Je scrute autour de moi les voyageurs et les voyagrices, surtout ceux qui ont des mioches : n'iraient-ils pas à La Manip Pour Tous ? LMPT ! Elle aime péter ! Je voudrais leur dire : oui, je suis avec vous. Oui, je suis contre le mariage, qui discrimine fiscalement les célibataires, oui, je suis contre les allocs qui stigmatisent les vierges et les puceaux, oui, je suis contre les congés parentaux qui excluent les femmes ménopausées, oui, je suis contre la branlette qui rend sourd (la preuve : Beethoven) et qui oblige de jeunes manifestants à brailler comme des vieillards dans des mégaphones pour communiquer, oui, je suis contre ces théories de gendres qui arrachent les filles à leurs papas, oui, je suis contre les impôts qui nuisent à la popularité de la gauche. Je suis un anti ! (pas un nanti, hein). Voilà. Je suis contre tout. Mais je suis pour Antigone. Hein ? Quoi ?
C'est à la Comédie Française. J'ai rendez-vous avec Antigone, et je ne suis pas le seul. Les professeurs accompagnent leurs élèves. Un dimanche après-midi. Il y a donc mieux à faire que d'aller à la manip pour tous.
Antigone, vous savez cette jeune fille née des amours fatales et monstueuses d'une dame d'un certain âge et d'un tout jeune homme, Jocaste et Oedipe, la mère et le fils. C'est pas commun comme filiation, quand même. Il paraît qu'on en parle jusque dans la manif, de filiation. La Comédie Française monte enfin cette tragédie de Jean Anouilh.

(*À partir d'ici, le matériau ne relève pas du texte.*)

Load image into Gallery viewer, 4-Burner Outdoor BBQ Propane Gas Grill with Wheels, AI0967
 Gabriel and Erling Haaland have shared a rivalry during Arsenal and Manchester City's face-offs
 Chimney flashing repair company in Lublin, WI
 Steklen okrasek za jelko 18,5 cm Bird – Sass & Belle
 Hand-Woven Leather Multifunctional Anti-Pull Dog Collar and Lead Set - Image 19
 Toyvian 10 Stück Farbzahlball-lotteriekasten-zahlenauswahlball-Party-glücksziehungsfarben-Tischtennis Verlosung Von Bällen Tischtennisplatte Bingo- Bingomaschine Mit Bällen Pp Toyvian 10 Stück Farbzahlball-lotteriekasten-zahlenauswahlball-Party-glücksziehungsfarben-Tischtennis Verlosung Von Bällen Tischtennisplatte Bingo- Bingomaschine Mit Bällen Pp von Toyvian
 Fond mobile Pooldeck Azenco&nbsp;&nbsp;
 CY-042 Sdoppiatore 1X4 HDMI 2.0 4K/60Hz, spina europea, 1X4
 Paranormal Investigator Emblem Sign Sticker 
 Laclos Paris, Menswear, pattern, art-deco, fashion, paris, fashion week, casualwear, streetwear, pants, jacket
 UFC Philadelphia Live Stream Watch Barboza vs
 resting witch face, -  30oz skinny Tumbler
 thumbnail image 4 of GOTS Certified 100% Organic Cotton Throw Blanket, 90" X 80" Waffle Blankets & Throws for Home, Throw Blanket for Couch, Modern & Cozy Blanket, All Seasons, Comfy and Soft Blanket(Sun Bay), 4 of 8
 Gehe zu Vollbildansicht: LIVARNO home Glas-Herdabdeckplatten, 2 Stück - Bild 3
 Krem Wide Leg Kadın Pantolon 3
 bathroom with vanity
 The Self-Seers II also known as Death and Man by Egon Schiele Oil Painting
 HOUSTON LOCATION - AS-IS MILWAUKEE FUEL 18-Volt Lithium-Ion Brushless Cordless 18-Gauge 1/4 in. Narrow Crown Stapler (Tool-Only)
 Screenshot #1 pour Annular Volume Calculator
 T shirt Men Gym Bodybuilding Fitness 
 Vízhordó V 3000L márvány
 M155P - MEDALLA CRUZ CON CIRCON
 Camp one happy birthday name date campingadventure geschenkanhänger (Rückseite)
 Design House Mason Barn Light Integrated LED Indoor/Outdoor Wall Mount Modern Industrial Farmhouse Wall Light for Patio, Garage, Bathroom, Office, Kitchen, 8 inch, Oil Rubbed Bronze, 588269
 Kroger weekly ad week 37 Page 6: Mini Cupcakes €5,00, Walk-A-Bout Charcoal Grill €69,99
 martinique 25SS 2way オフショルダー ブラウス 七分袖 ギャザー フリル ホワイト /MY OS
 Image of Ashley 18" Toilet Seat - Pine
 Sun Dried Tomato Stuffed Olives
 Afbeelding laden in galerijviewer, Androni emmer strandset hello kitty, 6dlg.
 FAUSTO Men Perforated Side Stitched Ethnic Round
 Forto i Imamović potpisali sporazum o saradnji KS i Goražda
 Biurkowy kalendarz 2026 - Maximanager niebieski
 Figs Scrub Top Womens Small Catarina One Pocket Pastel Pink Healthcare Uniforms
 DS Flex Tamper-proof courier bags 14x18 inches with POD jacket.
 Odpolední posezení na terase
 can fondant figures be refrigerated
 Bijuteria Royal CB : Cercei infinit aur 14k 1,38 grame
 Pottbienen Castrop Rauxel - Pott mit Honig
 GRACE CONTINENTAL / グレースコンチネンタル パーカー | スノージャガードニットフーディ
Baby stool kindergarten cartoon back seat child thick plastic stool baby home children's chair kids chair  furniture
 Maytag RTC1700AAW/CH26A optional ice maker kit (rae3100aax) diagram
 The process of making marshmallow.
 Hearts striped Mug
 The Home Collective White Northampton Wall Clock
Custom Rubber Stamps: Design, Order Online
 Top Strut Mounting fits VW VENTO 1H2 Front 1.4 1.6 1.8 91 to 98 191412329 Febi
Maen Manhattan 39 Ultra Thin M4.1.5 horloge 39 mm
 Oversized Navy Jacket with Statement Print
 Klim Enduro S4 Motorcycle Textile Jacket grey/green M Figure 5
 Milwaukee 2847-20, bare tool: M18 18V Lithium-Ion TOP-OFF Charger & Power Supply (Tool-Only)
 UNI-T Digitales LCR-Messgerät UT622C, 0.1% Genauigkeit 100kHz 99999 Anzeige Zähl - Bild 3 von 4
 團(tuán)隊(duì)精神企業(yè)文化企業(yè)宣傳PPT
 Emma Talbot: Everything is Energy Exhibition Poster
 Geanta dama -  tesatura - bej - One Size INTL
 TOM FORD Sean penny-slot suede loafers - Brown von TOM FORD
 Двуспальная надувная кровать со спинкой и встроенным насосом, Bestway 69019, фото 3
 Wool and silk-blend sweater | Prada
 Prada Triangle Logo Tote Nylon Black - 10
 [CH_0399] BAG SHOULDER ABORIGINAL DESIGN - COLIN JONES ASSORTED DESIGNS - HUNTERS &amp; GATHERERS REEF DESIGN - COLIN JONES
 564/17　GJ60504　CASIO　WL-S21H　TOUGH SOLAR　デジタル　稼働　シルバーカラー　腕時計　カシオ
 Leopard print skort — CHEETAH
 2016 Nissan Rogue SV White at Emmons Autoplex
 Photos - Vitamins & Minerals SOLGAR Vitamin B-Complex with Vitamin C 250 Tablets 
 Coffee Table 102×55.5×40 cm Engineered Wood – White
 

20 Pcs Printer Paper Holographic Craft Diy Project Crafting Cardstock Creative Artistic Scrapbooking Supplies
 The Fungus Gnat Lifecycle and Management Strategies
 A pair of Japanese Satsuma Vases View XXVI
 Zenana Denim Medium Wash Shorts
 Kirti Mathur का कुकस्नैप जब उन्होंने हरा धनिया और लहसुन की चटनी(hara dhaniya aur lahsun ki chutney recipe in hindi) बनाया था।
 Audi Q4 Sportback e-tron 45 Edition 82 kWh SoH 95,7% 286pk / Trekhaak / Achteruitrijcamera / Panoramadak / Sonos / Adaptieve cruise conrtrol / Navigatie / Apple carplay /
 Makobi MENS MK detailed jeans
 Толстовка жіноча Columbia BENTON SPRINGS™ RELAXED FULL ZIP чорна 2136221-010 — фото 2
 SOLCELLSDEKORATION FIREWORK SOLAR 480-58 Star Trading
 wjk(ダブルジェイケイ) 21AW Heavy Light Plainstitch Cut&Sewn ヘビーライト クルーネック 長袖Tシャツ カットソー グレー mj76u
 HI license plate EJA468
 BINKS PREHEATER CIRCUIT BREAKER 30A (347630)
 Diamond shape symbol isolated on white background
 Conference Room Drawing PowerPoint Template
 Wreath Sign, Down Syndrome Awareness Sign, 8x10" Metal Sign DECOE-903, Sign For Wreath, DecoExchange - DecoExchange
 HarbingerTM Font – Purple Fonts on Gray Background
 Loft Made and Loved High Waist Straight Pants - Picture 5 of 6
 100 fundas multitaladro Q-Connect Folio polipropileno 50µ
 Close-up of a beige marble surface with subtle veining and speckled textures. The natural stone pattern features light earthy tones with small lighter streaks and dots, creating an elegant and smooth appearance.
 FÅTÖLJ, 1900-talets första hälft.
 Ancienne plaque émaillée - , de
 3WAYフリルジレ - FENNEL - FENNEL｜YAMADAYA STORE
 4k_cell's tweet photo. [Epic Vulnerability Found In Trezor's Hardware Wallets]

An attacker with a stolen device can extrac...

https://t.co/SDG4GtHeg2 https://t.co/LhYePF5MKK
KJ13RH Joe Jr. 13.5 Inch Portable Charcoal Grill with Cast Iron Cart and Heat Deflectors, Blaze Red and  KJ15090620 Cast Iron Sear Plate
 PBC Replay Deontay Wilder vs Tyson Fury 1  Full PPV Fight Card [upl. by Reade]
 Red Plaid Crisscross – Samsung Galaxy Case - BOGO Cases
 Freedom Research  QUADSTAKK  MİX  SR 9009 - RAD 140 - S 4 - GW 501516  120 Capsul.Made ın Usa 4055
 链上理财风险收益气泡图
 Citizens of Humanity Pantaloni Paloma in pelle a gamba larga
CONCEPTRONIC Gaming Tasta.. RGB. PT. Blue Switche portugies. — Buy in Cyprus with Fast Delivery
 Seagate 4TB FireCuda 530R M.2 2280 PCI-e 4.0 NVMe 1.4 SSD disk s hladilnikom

L'histoire nous est connue, depuis Sophocle. Elle reste éternelle. Anouilh l'actualise, si peu, dans le quotidien de la France de l'occupation, en 1944. Antigone, c'est la petite dernière d'une fratrie de quatre, deux garçons, Etéocle et Polynice, et deux filles, Ismène et Antigone, issus tous les quatre de leur mère Jocaste et de leur demi-frère Oedipe. Je sais c'est pas simple. Madame Jocaste était mariée avec Monsieur Laïos. Leur fils, Oedipe, coup fatal du destin et malédiction de l'oracle, tue son père et épouse sa mère. Oedipe succède sur le trône de Thèbes à Laïos jusqu'à ce que le meurtre du père et l'inceste avec la mère ayant été connus, il se crève les yeux et laisse le pouvoir à ses deux fils, Etéocle et Polynice, qui doivent régner en alternance chaque année. Ces deux-là, devenus rivaux, s'entretuent. C'est la guerre des Sept contre Thèbes. Le frère de Jocaste, Créon, devient roi, donne une sépulture à Etéocle et laisse la dépouille de Polynice pourrir au soleil. C'est là que commence la pièce d'Anouilh. Antigone s'oppose à la loi et inhume symboliquement son frère. Elle mérite la mort. Toute la pièce est sa marche consciente vers cette mort, malgré sa jeunesse et l'amour qu'elle porte au fils de Créon, Hémon.
Photo Cosimo Mirco Magliocca
La pièce, dans la mise en scène à la Comédie Française, est une tragédie qui se situe au niveau politique. La grande scène où Créon, humain mais inflexible, est confronté à Antigone, douloureusement arc-bouté sur son droit, est poignante. Créon est joué par un comédien à la haute stature, déchiré entre la loi qu'il impose et sa tendresse pour la jeune fille aimée de son fils : c'est Bruno Raffaelli. Et Antigone, farouche, sûre d'elle, opposée à la loi inhumaine et oppressive, c'est Françoise Gillard. Ces deux-là m'ont tiré des larmes. La mise en scène, sobre, se déroule devant une muraille percée de trois hautes portes qui évoquent le palais de Thèbes. Et quand elles s'ouvrent et se ferment, on entend résonner dans tout le théâtre les lourds battants de bronze : cela vous donne le frisson. Lors de la scène finale, lorsqu'on apprend que le jeune Hémon s'est transpercé de son épée auprès de son aimée Antigone, le mur du palais qui glisse lentement vers les spectateurs semble vouloir les écraser sous le poids de la loi inflexible.
Vous dirai-je que j'ai aimé ? J'avais payé pour voir ce spectacle qui m'a tiré des larmes, je n'ai pas regretté mon argent.